1. The right adjoint $f^!$ is an $S$-indexed functor.
2. $f$ is connected, i.e. $f^*$ is fully faithful.
3. The right adjoint $f^!$ is fully faithful.
4. The right adjoint $f^!$ is cartesian closed.

When we regard $E$ as a topos over $S$, so that $f$ is regarded as its global section geometric morphism in the category of toposes over $S$, then we say that $E$ is a local $S$-topos.
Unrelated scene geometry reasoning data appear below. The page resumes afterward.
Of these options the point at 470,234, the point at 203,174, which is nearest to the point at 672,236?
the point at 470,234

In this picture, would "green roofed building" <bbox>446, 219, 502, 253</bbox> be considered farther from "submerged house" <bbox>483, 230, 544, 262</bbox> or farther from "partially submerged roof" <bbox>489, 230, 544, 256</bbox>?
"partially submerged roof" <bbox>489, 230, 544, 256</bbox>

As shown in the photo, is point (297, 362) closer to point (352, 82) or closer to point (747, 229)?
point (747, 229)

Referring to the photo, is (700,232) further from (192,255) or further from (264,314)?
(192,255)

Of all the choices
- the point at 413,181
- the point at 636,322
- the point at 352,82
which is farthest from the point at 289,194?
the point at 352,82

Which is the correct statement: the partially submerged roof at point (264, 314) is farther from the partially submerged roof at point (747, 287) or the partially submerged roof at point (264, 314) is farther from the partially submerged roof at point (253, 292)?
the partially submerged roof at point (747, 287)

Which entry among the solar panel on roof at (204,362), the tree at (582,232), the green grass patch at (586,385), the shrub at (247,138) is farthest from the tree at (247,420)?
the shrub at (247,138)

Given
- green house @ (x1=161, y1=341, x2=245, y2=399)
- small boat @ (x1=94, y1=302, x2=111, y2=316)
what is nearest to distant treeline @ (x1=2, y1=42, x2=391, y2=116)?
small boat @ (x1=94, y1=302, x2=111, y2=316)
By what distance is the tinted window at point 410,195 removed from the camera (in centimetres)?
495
In this case we may label the functors involved as

$(Disc \dashv \Gamma \dashv Codisc) : E \stackrel{\overset{Disc}{\leftarrow}}{\stackrel{\underset{\Gamma}{\to}}{\underset{Codisc}{\leftarrow}}} S$

to indicate that if we think of $\Gamma$ as sending a space to its underlying $S$-object of points by forgetting cohesion, then $Disc$ creates the discrete space/discrete object and $Codisc$ the codiscrete space/codiscrete object on an object in $S$.
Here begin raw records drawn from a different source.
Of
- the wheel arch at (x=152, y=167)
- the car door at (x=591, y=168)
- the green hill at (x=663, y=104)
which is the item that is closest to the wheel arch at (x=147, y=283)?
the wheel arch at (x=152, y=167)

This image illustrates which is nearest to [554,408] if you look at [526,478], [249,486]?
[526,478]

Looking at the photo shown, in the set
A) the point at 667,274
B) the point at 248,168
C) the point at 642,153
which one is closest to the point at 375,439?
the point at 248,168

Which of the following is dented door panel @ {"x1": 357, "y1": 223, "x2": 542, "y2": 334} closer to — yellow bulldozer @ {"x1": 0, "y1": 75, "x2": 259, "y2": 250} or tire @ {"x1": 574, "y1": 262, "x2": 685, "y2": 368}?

This is especially common when $S=$ Set, in which case the final condition is automatic since all functors are $Set$-indexed. Hence in that case we have the following simpler definition.

### Local topos

###### Definition

A sheaf topos $\mathcal{T}$ is a local topos if the global section geometric morphism $\mathcal{T} \stackrel{\overset{LConst}{\leftarrow}}{\underset{\Gamma}{\to}} Set$ has a further right adjoint $CoDisc$, making an adjoint triple $(LConst \vdash \Gamma \vdash CoDisc)$

$CoDisc \colon Set \hookrightarrow \mathcal{T}.$

(As just stated, it is automatic in the case over $Set$ that this is furthermore a full and faithful functor.)

###### Remark

Another way of stating this is that a Grothendieck topos is local if and only if the terminal object $1$ is connected and projective (since this means precisely that $\Gamma = \hom(1, -)$ preserves colimits, and therefore has a right adjoint by virtue of an adjoint functor theorem). Another term for this: we say $1$ is tiny (atomic). Notice the similarity to the concept of amazing right adjoint (the difference being that this is a right adjoint not to the external but to the internal hom out of 1.)

## Properties

### Equivalent characterizations

###### Proposition

A geometric morphism $f : E \to S$ is local precisely if

1. there exists a geometric morphism $c : S \to E$ such that $f \circ c \simeq id$;

2. for every other geometric morphism $g : G \to S$ the composite $c\circ g$ is an initial object in the hom-category $Topos_{/S}(g,f)$ of the slice 2-category of Topos over $S$.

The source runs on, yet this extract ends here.